EDUCATION emerged as the single biggest issue at public meetings held across Scotland to discuss a national cultural strategy, which were attended by 750 people. It was "overwhelmingly the most important point for many" in the 350 written responses.
Rhona Brankin, Deputy Minister for Culture and Sport, has now decided to set up another round of consultations centring on particular areas, including one on young people and education, before the strategy is finalised in July.
The report says; "The lack of understanding and commitment to every aspect of Scottish culture was commented upon, including language, expressive arts, history, identity and heritage. There were many criticisms of the restrictions of the curriculum and the lack of resources, in particular instrumental music tuition."
The new round of consultations will try to hammer out what part schools should play and what can be done outwith school.

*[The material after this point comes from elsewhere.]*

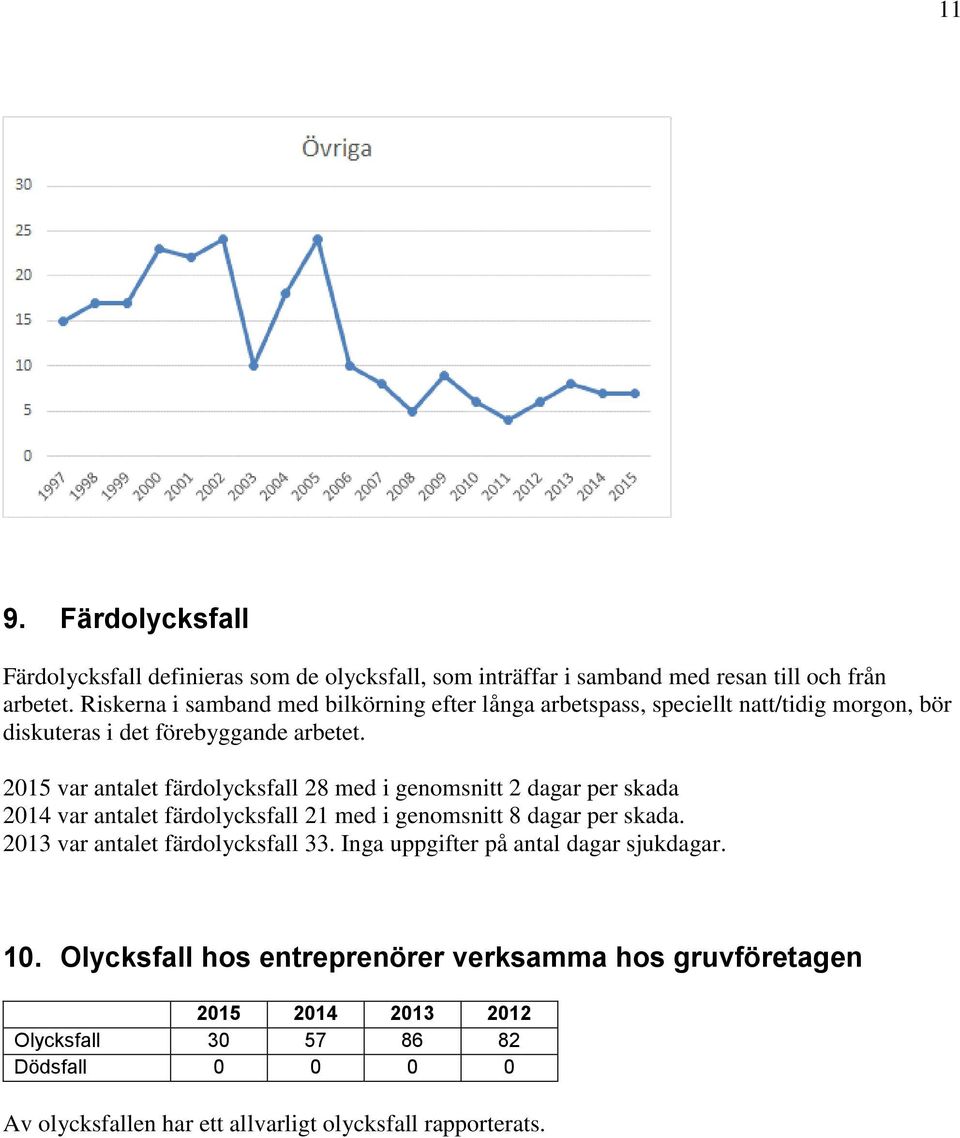 2015 var antalet färdolycksfall 28 med i genomsnitt 2 dagar per skada 2014 var antalet färdolycksfall 21 med i genomsnitt 8 dagar per skada.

The Executive, meanwhile, wants architecture to be the latest addition to an already crowded timetable. A cosultation document suggests it could be taught as a discrete subject or through a range of subjects, including science, history and mathematics.

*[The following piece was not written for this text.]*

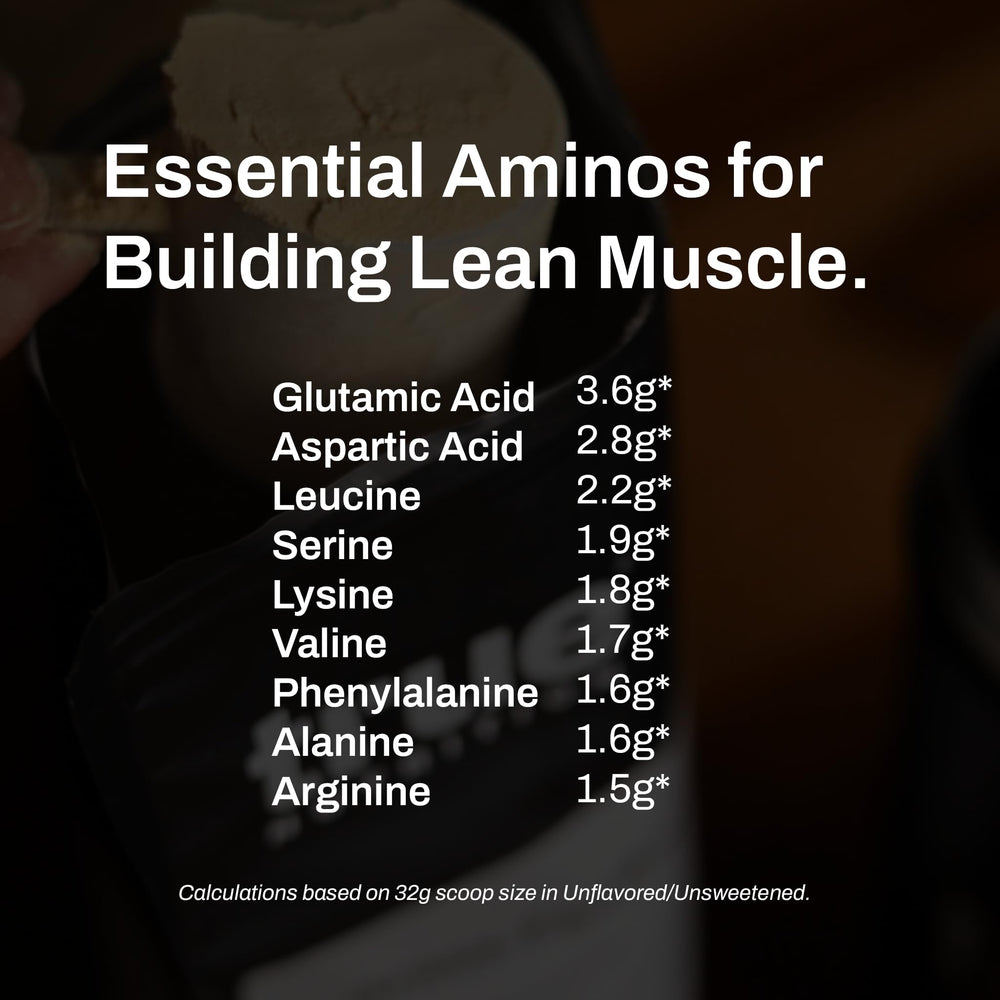 Close-up label shows paleo and lactose-free features of True Nutrition protein.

But Ian Barr, director of the Scottish Consultative Council on the Curriculum, dismissed the notion of a new subject area.
"It's the last thing we need,"
Mr Barr said. "Architecture is something that is integrated into many aspects of our lives and there are immense opportunities for it to be addressed through all kinds of subjects." Teachers were already doing so.

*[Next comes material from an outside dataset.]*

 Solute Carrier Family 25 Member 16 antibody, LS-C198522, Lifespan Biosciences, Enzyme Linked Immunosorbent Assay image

The council is next year to launch "Common Threads", a series of projects showing pupils how the arts, including architecture, impact on their lives.
The latest school to benefit from the Executive's pound;14 million programme to establish national specialist centres for talented children is Plockton High where up to 20 pupils will receive tuition in traditional Scottish music. It joins music schools in Edinburgh, Bearsden and Dyce, and the dance and sports schools in Glasgow.